Please read the records below and return each line holding the string "window".

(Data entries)
++++

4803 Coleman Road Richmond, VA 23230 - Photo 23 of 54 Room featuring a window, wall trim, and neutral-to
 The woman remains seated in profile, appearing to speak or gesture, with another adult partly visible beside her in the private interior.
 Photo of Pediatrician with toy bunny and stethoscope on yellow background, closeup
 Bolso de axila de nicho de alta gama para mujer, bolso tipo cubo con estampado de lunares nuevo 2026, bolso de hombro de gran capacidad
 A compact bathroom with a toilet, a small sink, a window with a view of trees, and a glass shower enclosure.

++++

**ANSWER FOR THE TASK:**
4803 Coleman Road Richmond, VA 23230 - Photo 23 of 54 Room featuring a window, wall trim, and neutral-to
 A compact bathroom with a toilet, a small sink, a window with a view of trees, and a glass shower enclosure.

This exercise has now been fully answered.